(Beginning of Provided information)
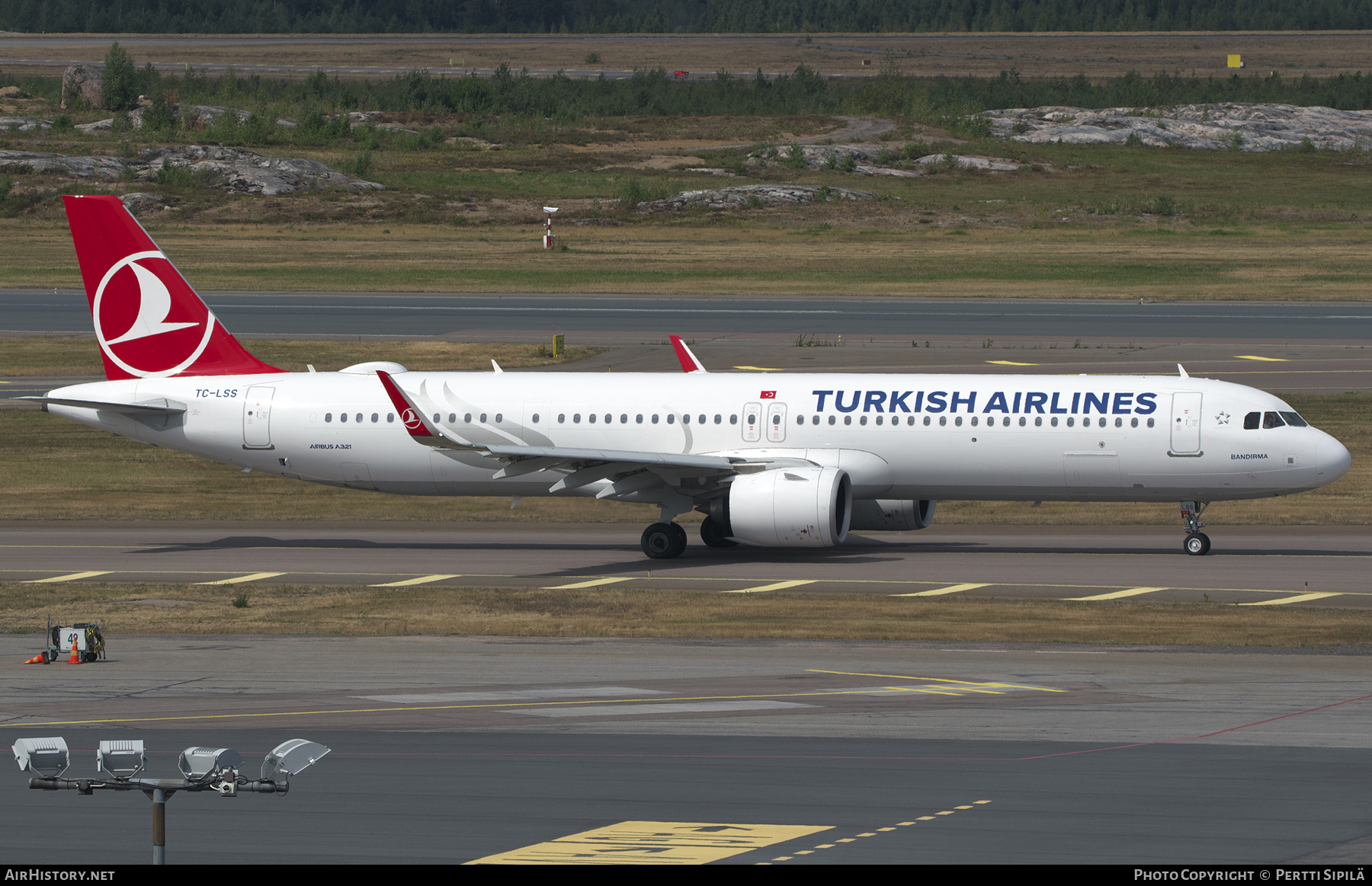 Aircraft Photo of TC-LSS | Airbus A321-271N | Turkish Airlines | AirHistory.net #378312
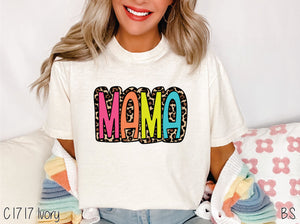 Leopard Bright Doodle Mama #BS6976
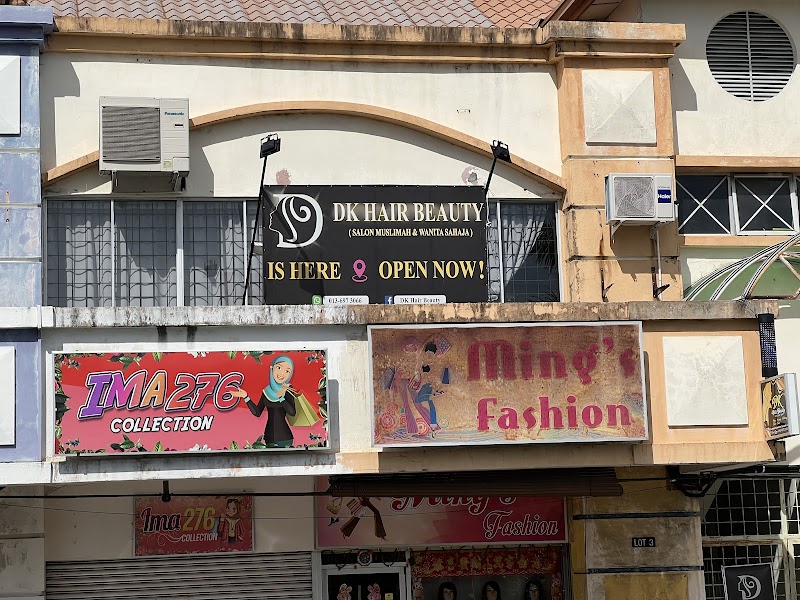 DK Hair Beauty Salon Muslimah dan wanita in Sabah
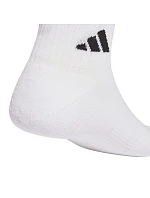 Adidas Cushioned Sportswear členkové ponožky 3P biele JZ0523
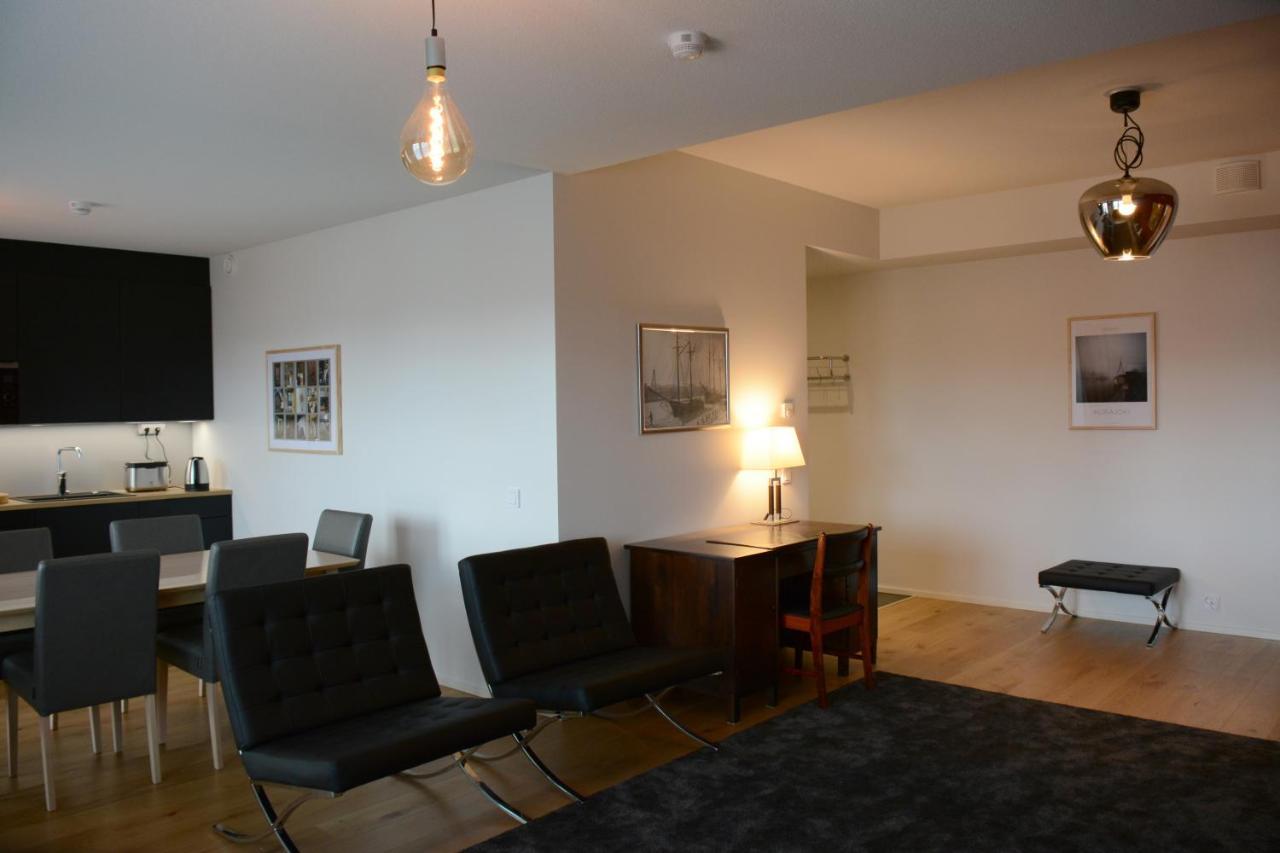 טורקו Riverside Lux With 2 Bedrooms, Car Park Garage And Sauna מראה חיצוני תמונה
(End of Provided information)
(Beginning of Provided information)
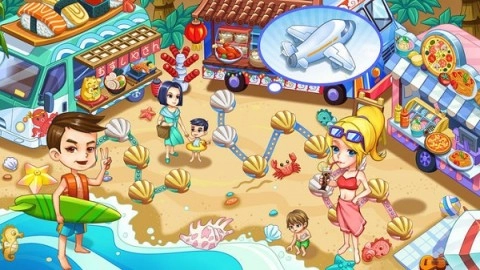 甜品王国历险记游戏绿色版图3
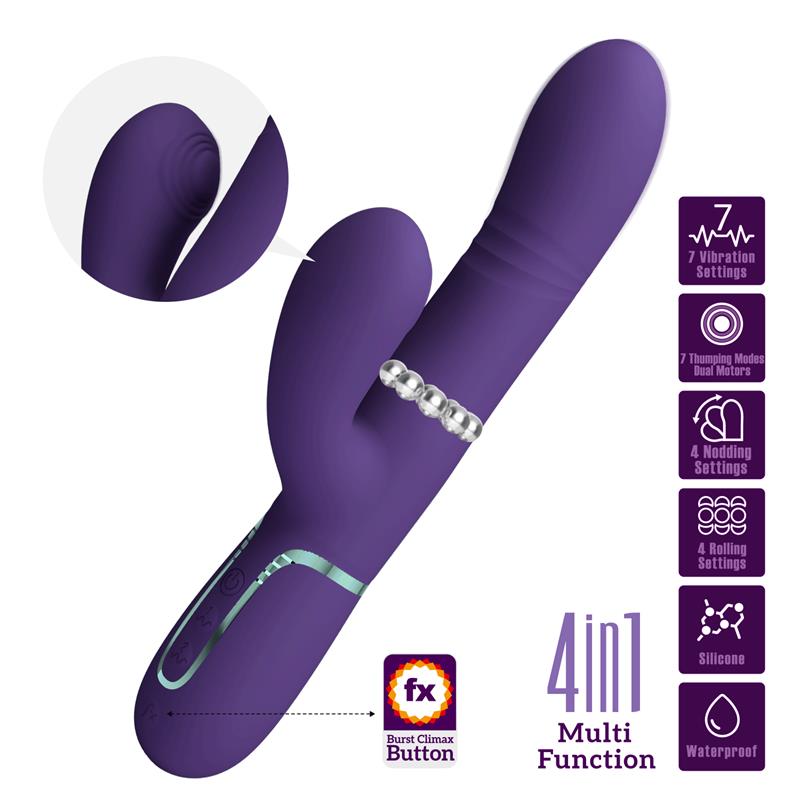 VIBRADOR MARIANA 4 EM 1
(End of Provided information)
Write out word for word the lines above that run from the one with "Leopard Bright Doodle Mama #BS6976" to the one with "טורקו Riverside Lux". Include both end lines; exclude the images.

_Response box_:
 Leopard Bright Doodle Mama #BS6976
 DK Hair Beauty Salon Muslimah dan wanita in Sabah
 Adidas Cushioned Sportswear členkové ponožky 3P biele JZ0523
 טורקו Riverside Lux With 2 Bedrooms, Car Park Garage And Sauna מראה חיצוני תמונה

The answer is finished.